3. Franquicias postales

La idea era recorrer los lugares donde se encontraban los campos mencionados en las cartas del fondo de la CAEERF, especialmente los lugares en los que no quedaban – o apenas – vestigios de dichos campos, para filmar los paisajes actuales. Al mismo tiempo, queríamos localizar y entrevistar a personas que habían pasado por aquellos campos o sus descendientes, con un doble objetivo histórico y sociolingüístico.

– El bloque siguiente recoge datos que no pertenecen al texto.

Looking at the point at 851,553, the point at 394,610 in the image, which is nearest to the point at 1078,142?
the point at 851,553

Para el primero, recoger testimonios directos o secundarios sobre el exilio republicano, la llegada a Francia y la posterior integración; para el segundo, constituir un corpus para estudiar los repertorios plurilingües de los migrantes y la construcción de las identidades lingüísticas en un contexto migratorio (con lenguas en contacto, castellano, catalán, gallego, vasco y francés) y su persistencia (o no) en las generaciones posteriores. Además de grabar estas entrevistas, otro propósito era filmar la lectura de algunas de las cartas por mujeres descendientes de refugiados, en los mismos sitios donde habían existido los campos. De este modo, el lugar, o el no-lugar, adquiere un nuevo significado a través de la lectura de las cartas, cuyas palabras reactivan el pasado a través de la voz de otra generación. La película utilizará este material para componer un relato sobre el exilio español y sus resonancias en el presente.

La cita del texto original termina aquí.